● What to produce
Below is a listing; retype exactly the lines between the one containing "naughty girl teases" and the one containing "Dragonscale Blade metal", inclusive, minus the pictures.

● Extracted records
*** Block opens ***
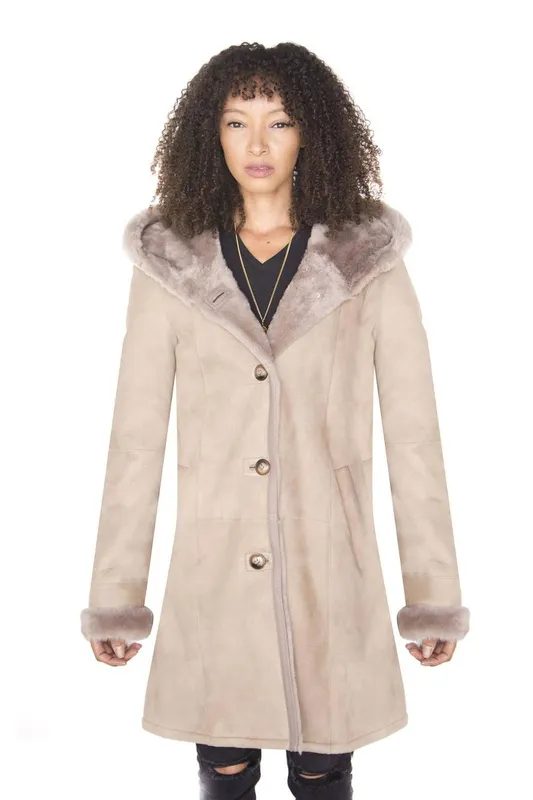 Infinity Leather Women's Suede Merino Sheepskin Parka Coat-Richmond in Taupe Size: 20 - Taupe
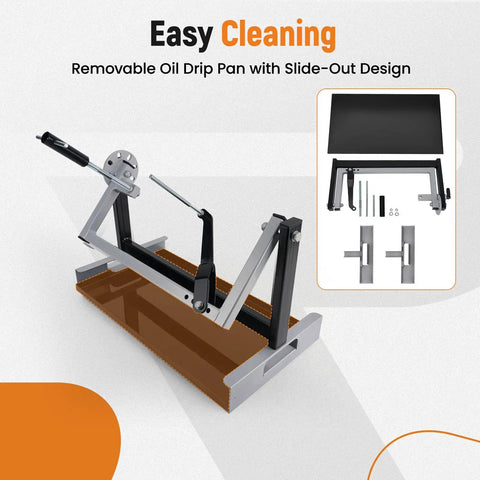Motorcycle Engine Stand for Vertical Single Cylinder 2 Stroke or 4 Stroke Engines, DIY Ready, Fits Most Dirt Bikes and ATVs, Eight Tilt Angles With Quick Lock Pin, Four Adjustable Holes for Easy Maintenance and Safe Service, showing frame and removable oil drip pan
*** Block closes ***
*** Block opens ***
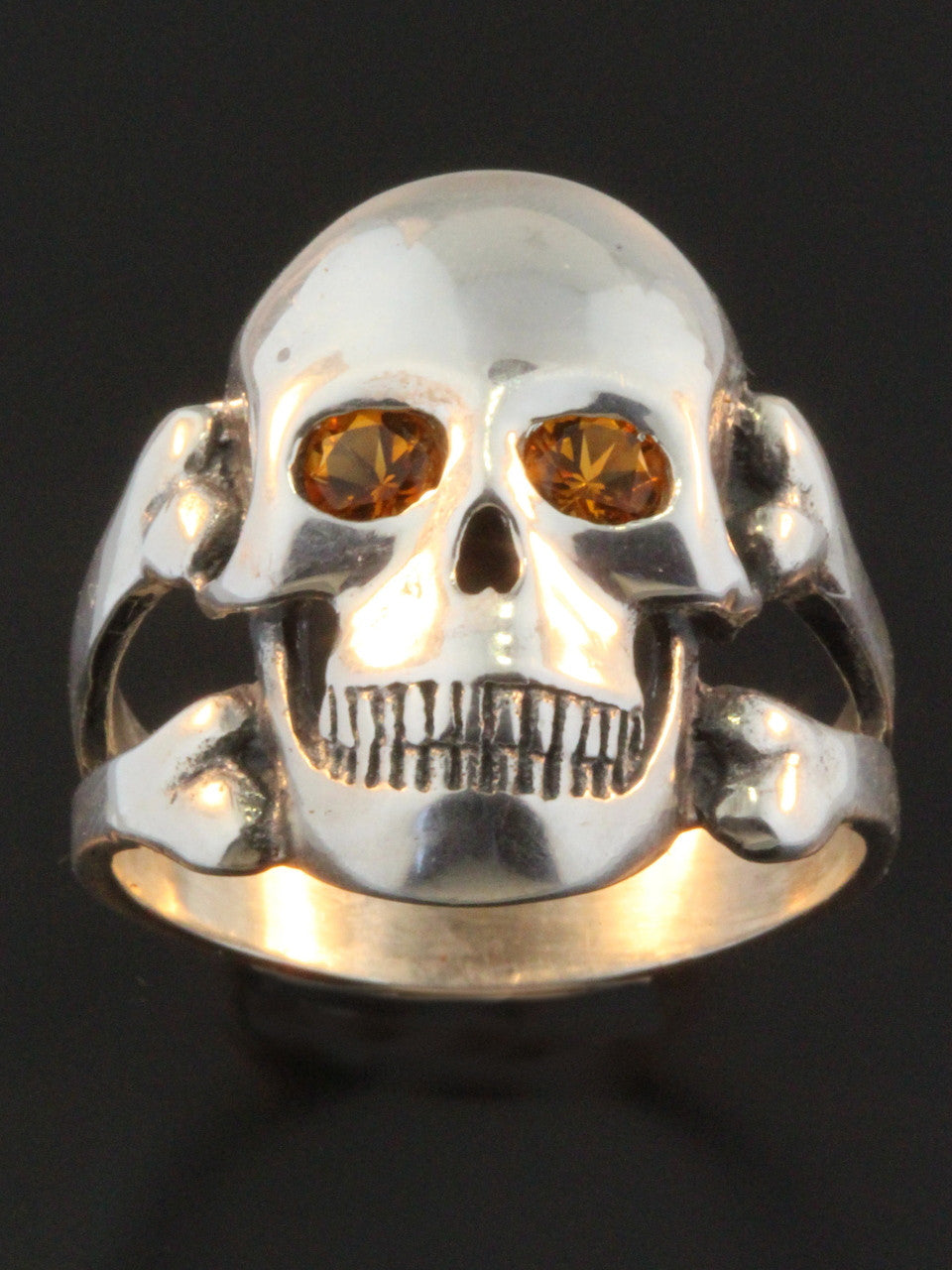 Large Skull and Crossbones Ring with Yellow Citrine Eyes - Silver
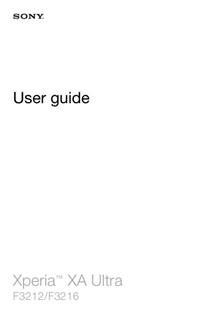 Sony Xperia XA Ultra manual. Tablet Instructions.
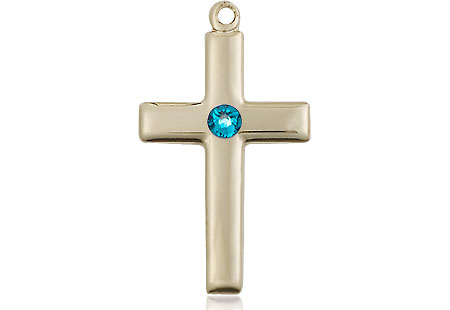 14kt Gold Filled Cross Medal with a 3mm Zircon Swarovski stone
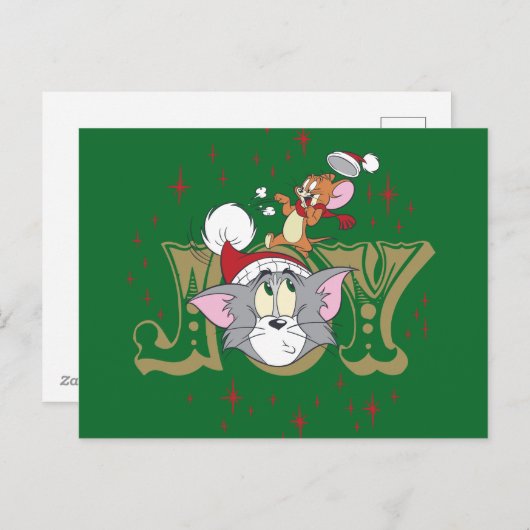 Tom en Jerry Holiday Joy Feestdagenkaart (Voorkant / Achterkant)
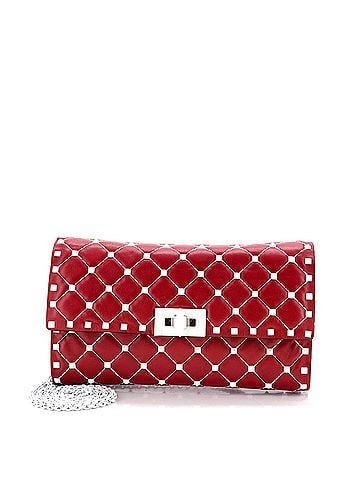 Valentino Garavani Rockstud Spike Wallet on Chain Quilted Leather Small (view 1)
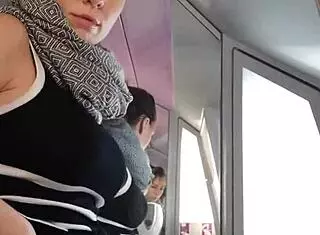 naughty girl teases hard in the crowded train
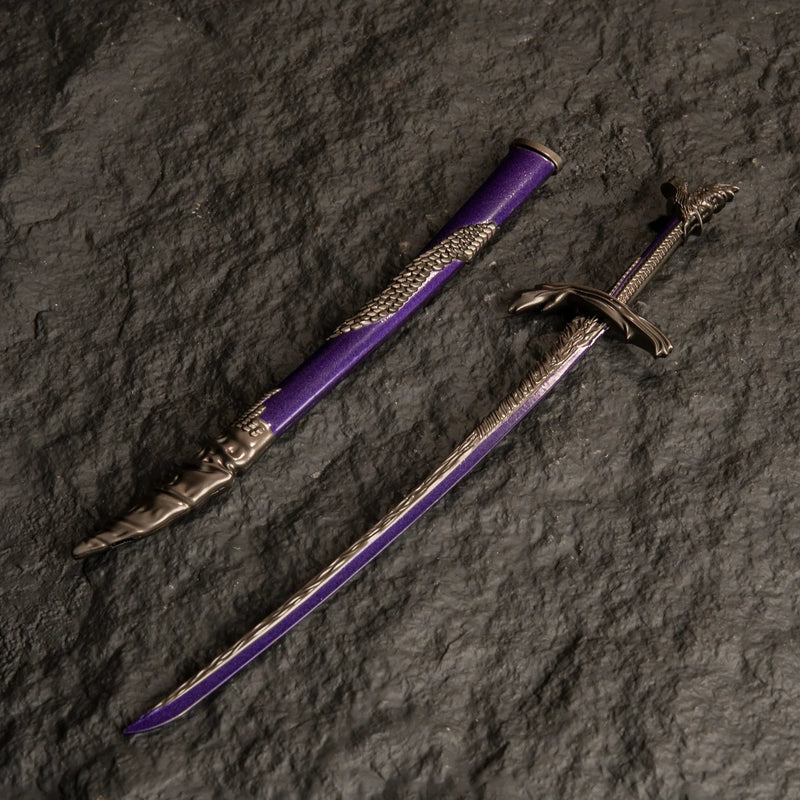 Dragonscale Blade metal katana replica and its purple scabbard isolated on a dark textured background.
*** Block closes ***
● Output for this task
 naughty girl teases hard in the crowded train
 Dragonscale Blade metal katana replica and its purple scabbard isolated on a dark textured background.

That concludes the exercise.